The sun can be in darkness, the sky can be dark and have a sun. 

The sky can be split. 

There can be a moon with striking, striking illuminations.

The way is a direction in space.

The paintings are a continuing.

Colours make sounds.

There is always a building to retreat into. 

A white road is thick with paint – something is undone, undoing underneath, 

thick, dried and re-painted. An old, re-painted road. 

The colours are shining, metallic. 

The illumination of sound hitting land. 

Sound has been described as the most abstract and yet the most direct artistic expression. Ask anyone about their relationship with music, with sound, and the response will likely be direct, felt. More than this, sound is located, locates. When a sound is heard, it is possible to feel where it comes from, to locate it in relation to ourselves, near or far, up or down. In electronic music, the importance of this phenomenon has been recently discussed, Petri Toivianen arguing in the Psychology of Electronic Music that humans have a remarkable ability to localize sound sources accurately and rapidly…and further that in relation to electronic music, localization has played an important role’.[1]When listening to electronic music the spatial experience of location, of depth, is encouraged, amplified. There are new architectures to be felt in the abstracted and repetitive structures of the beat. 

The paintings of Vanessa Gemayel are visual representations of her auditory world, electronic music that is emotionally resonant, full of distortion and familiarity. Her paintings are a direct and unmediated ekphrasis, a movement or description between one artistic form and another, auditory to visual, sound to painting. While clearly informed by sound, Gemayel’s paintings equally exist on their own visual terms, transforming their source and making of it a visual sense, relatable for a world of tangible things. In this world, colour, shape and line, distance and depth, are delineated by the boundaries and possibilities of the visual world. Yet, Gemayel retains a connection to the freedom of sound, its spatial wandering.  

A first encounter with Gemayel’s paintings joins visual and auditory senses. Her colours make noise, screech, express an overwhelming, shining brightness, contrast, that is heard, felt, in the body as well as viewed, seen on the canvas. In this moment of ekphrastic disturbance the line between viewer and painting dissolves, there is no intermediary, interpreter.
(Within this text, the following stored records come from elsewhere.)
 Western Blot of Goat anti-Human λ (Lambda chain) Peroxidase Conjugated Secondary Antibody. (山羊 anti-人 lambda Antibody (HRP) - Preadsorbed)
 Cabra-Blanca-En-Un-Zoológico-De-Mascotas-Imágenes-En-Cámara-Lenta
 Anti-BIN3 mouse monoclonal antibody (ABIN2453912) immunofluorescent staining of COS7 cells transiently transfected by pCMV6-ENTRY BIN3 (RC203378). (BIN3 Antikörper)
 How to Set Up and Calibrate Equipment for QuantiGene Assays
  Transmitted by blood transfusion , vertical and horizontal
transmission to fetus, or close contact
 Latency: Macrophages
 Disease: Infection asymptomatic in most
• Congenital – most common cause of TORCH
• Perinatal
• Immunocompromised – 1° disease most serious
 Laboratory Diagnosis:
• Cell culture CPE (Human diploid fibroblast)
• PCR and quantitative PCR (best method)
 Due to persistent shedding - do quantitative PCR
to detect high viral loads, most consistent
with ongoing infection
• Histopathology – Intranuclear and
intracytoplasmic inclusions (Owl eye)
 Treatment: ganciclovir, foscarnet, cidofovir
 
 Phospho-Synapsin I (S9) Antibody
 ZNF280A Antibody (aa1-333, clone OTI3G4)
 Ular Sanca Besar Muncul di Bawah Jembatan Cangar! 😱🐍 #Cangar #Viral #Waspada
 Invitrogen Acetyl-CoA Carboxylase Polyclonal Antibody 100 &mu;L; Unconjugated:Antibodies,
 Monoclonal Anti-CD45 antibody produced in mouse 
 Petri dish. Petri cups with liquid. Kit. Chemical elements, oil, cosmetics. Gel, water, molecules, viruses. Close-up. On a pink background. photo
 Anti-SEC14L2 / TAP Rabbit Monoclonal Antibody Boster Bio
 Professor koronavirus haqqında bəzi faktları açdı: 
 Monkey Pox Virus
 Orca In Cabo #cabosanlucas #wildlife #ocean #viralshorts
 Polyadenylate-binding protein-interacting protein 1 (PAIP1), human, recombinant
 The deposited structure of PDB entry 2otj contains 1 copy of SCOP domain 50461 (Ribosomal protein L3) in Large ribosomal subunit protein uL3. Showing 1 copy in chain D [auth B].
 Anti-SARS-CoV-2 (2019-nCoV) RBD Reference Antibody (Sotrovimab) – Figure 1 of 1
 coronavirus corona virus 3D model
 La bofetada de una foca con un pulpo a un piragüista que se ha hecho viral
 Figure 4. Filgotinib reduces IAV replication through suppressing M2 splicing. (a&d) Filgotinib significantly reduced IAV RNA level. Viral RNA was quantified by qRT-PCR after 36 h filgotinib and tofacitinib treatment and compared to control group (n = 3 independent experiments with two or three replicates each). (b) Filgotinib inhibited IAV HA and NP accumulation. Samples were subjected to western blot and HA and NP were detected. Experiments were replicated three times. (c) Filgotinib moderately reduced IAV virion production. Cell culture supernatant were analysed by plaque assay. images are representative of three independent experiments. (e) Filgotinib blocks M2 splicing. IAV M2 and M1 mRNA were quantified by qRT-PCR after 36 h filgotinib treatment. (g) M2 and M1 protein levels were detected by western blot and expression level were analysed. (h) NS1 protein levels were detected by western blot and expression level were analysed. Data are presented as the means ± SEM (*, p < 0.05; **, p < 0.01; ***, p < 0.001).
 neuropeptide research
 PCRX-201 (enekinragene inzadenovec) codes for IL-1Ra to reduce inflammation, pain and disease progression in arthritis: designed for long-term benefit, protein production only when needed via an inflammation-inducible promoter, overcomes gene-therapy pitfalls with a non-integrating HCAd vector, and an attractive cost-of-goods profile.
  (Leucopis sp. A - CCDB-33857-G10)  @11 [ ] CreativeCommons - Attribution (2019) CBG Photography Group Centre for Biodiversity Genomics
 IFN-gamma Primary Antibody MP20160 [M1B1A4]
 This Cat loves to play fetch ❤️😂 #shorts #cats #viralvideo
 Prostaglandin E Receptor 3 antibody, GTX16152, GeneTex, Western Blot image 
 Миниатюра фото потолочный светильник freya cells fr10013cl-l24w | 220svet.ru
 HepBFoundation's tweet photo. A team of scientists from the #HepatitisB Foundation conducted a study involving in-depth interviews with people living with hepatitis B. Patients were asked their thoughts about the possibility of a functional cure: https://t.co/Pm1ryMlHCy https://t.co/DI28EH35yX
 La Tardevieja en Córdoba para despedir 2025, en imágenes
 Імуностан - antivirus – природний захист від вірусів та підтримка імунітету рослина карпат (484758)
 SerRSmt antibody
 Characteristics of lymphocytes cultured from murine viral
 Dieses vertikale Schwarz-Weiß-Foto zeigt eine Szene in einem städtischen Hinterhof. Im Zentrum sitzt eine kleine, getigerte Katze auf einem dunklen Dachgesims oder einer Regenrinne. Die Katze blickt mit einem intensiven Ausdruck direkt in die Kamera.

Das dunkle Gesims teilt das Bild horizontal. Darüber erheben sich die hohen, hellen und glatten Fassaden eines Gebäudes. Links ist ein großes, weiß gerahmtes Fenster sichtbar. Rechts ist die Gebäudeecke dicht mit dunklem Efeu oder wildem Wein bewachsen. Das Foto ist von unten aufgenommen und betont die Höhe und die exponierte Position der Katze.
Enter directly from here and the painting begins to understand you. 

See it that way. 

Gemayel’s paintings are a journey, a way to world. 

Spatial organization is the strongest marker of Gemayel’s paintings.  She is holding to the order of space, perspective. We are in place, the sun is in a sky, the ground is moving away from us. Buildings rise. The order of perspective she employs might shift but never entirely disappears.

As I look I am enjoying a feeling, an unfolding experience. There is a transformation. This is closer to experiencing music than painting, the paintings are unfolding in real time. They are time. 

Paintings are not often experienced in time. 

Try it like that. 

In each painting there is a road, a road stretching away from the foreground, reaching to sky, moon, sun. The road picks the viewer up from the foreground and takes them in, up, away. This is the most direct description of a journey, the road laid out. Of course this is an entry into a new world, the road to the moon, around the sun. 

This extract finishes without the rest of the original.